Cell viability and growth measurements

Wild-type and NAF-1-suppressed MCF-7 and MDA-MB-231 cells were seeded in 96-well plates in triplicate at a density of 3000 cells/well and incubated in RPMI medium with 2-DG at a concentration of 0.5 mM for MCF-7 cells and 0.1 mM for MDA-MB-231 cells. Alamar-Blue (Invitrogen) was used to determine cell viability. Fluorescence was measured on a plate reader after 1–4 h of incubation at 37°C (excitation, 560 nm; emission, 590 nm). For measurements of cell growth, 1 ml of cells was seeded in 24-well plates at 20,000 cells/well. The number of cells in three wells for each treatment per line was counted using a Moxi Z cell counter and type-S cassettes (ORFLO Technologies, Ketchum, ID). 2-DGlucose was purchased from Sigma (catalog number D6134).

Protein extraction and western blot analysis

Control and NAF-1(−) MCF-7 and MDA-MB-231 cells were grown to 80% confluence on 60 mm Petri dishes. When pertinent, compound C (10 μM) was added to the growth medium 4 h prior to sampling. Medium was aspirated from cultures, and cells were washed with 1× PBS and immediately treated with 1× Laemmli buffer. After 5 min, the lysed cells were swirled together with a 1-ml tip and transferred to a microcentrifuge tube. Samples were heated at 95°C for 10 min, centrifuged for 10 min at 9300 g and the supernatants were collected. The Pierce 660 nm Protein Assay (catalog number 1861426), Ionic Detergent Compatibility Reagent (IDCR) (catalog number 22663) and Pierce 660 nm Protein Assay Kit were used for protein quantification. Western blotting was performed as described previously (Sohn et al., 2013) using the indicated antibodies against the following proteins: BCL-2 (clone C21; catalog number sc-783, Santa Cruz Biotechnology), BNIP3 (catalog number 13795), p21 Waf1/Cip1 (clone 12D1; catalog number 2947), phosphorylated pS6 (phosphorylated at Ser235 and Ser236) (catalog number 2211), phosphorylated 4E-BP1 (phosphorylated at Thr37 and Thr46) (catalog number 9459), cleaved caspase-3 (cleaved at Asp175) (catalog number 9661), cleaved caspase-7 (cleaved at Asp198) (catalog number 9491), anti-rabbit IgG conjugated to HRP (catalog number 7074). Unless indicated otherwise, all antibodies were obtained from Cell Signaling Technology. Caspase-3 activity was measured using a caspase-3 colorimetric activity assay kit (Chemicon), as per the manufacturer's instructions.

Statistical analysis

The statistical significance of the fold-change in transcript steady-state levels between two different conditions was assessed for RNA-Seq analysis based on a negative binomial model that had been estimated from the data (Trapnell et al., 2010). The fold-change in the transcription of genes with multiple isoforms was assessed by summing up the FPKMs for all isoforms of a gene and then measuring the difference in this under the two conditions (Trapnell et al., 2010).
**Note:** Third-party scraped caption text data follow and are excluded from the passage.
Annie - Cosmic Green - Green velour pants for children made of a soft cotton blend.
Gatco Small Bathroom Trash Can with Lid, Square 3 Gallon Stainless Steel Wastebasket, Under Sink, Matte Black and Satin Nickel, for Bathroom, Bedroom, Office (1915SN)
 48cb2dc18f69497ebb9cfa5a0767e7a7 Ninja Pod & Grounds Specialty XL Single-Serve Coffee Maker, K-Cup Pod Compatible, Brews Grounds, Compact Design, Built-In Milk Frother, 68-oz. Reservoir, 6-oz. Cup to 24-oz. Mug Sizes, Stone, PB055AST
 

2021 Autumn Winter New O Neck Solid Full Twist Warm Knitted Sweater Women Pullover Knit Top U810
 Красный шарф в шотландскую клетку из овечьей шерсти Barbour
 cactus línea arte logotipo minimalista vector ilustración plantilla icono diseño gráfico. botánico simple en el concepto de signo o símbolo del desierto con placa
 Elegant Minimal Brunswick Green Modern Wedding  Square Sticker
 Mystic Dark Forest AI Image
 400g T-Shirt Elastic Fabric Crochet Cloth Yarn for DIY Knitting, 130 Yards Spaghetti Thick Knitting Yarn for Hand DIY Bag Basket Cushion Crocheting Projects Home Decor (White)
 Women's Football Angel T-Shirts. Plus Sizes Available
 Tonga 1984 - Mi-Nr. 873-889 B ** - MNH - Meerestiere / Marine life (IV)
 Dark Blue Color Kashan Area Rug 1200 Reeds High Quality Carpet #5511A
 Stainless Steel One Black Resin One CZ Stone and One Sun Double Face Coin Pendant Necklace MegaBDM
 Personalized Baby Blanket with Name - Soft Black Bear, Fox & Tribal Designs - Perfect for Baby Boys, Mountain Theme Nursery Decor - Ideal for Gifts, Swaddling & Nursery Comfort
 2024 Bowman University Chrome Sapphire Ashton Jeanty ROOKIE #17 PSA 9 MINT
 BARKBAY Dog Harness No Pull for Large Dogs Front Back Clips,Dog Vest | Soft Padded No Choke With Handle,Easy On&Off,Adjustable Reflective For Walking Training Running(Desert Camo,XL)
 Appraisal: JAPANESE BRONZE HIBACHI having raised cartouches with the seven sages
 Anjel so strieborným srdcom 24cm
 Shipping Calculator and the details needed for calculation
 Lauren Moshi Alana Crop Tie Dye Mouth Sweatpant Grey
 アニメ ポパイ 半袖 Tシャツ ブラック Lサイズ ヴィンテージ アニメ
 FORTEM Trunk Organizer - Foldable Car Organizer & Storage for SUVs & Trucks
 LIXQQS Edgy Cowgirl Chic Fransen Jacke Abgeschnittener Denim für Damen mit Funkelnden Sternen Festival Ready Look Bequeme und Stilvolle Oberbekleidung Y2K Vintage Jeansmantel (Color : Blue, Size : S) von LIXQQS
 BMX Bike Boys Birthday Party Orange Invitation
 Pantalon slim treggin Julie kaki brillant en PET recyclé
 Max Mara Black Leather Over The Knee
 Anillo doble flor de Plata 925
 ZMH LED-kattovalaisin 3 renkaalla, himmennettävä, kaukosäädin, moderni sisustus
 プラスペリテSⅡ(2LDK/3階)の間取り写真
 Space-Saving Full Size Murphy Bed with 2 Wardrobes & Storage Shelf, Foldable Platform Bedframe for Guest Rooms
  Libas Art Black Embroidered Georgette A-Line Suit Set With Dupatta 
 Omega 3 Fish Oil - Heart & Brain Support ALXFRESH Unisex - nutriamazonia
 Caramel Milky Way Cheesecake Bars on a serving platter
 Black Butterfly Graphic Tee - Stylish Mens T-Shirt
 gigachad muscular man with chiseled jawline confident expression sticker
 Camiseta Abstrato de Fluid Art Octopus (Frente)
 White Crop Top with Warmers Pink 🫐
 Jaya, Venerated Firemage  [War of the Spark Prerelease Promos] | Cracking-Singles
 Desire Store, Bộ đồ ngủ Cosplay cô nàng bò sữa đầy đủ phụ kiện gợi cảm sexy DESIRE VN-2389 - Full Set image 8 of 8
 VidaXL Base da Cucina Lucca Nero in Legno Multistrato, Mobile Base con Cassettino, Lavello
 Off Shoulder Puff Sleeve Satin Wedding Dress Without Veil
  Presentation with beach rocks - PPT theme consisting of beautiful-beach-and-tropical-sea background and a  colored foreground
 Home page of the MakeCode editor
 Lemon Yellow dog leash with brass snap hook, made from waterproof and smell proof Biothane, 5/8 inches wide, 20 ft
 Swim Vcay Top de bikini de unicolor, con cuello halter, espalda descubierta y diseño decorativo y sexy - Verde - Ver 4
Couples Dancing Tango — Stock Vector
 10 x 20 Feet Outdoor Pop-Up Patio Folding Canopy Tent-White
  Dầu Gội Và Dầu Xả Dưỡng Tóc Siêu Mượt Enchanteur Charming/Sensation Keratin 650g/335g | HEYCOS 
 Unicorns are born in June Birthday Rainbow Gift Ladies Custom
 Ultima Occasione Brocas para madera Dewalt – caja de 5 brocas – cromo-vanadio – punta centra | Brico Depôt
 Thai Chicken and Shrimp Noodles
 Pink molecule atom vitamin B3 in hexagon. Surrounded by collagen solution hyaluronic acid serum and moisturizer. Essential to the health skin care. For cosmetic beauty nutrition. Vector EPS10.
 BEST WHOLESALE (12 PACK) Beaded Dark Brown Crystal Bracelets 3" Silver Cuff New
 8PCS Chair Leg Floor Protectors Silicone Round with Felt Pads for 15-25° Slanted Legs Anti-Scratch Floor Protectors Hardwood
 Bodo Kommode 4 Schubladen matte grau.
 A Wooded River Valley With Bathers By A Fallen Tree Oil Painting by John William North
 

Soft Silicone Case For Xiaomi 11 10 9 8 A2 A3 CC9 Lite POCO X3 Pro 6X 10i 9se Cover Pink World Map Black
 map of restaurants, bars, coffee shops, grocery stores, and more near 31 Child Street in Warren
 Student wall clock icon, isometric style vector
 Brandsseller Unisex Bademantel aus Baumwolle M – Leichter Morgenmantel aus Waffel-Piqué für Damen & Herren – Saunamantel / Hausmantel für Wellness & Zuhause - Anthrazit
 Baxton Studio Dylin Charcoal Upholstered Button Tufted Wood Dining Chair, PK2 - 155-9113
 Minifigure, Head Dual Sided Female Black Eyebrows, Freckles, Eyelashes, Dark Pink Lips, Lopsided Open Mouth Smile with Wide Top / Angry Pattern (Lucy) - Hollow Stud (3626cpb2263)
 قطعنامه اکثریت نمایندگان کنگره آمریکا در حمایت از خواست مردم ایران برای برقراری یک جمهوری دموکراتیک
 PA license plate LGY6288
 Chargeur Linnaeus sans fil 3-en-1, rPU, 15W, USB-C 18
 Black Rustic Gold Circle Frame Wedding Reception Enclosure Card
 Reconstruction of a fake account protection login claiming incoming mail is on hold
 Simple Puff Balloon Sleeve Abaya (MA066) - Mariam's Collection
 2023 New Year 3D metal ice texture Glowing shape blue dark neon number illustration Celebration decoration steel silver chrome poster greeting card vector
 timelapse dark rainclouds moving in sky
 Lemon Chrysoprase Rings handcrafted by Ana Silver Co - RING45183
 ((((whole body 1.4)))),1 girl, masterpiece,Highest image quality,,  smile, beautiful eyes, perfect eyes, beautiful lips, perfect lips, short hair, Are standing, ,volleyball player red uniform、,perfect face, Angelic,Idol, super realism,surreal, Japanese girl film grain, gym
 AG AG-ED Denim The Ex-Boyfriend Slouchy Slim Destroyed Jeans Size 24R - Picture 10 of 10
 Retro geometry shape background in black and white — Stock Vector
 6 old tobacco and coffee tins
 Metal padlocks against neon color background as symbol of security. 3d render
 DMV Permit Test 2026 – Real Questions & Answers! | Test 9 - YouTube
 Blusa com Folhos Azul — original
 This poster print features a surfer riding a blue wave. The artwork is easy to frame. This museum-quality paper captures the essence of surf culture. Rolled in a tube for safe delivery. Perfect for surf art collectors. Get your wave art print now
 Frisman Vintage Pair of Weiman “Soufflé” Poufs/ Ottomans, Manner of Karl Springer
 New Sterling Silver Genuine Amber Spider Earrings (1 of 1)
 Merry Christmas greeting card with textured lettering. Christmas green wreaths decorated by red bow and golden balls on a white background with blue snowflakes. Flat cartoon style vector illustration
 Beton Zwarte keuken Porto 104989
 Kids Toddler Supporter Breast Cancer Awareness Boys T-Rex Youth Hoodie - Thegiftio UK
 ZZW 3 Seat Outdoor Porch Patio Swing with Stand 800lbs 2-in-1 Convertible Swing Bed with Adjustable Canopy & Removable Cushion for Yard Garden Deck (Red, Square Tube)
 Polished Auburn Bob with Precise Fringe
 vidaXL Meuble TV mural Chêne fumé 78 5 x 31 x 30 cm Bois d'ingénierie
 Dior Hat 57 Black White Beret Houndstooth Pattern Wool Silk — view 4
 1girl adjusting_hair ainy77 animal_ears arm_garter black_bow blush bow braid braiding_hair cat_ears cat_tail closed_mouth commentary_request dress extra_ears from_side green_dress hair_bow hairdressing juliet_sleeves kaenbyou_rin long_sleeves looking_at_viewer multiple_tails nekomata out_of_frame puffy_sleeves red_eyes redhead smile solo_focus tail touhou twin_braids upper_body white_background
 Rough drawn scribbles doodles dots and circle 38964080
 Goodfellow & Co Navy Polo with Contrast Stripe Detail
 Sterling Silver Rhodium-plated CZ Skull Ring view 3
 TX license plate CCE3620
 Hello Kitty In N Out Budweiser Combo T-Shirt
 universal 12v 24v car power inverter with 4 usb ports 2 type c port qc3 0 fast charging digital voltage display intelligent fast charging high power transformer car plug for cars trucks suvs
The statistical significance test for metabolomics analysis was performed using ANOVA (Suzuki et al., 2013). The statistical significance test for protein expression, analysis of TEM images and quantitative PCR were performed by using a one-tailed Student's t-test, as previously described (Sohn et al., 2013). Results are presented as mean±s.d. (*P<0.05; **P<0.01; ***P<0.001).

Footnotes

Competing interests

The authors declare no competing or financial interests.

Author contributions

S.H.H., M.D.-Y., Y.S.S., L.S., O.K., S.T., Y.L. and D.M. designed and performed the experiments and analyzed the data, M.L.P., P.A.J., J.N.O., E.P., I.Z.C., R.N., R.K.A. and R.M. analyzed the data and designed experiments. R.K.A., S.H.H., M.D.-Y., I.Z.C., R.N., R.K.A. and R.M. wrote the manuscript.

Funding

This work was supported by the Israel Science Foundation [grant number ISF 865/13 to R.N.]; funds from the University of North Texas College of Arts and Sciences awarded to R.M. and R.K.A. Work at the Center for Theoretical Biological Physics was sponsored by the National Science Foundation [grants number PHY-1427654 and MCB-1214457]. The funders had no role in the design, data collection, analysis, decision to publish or preparation of the manuscript. Deposited in PMC for immediate release.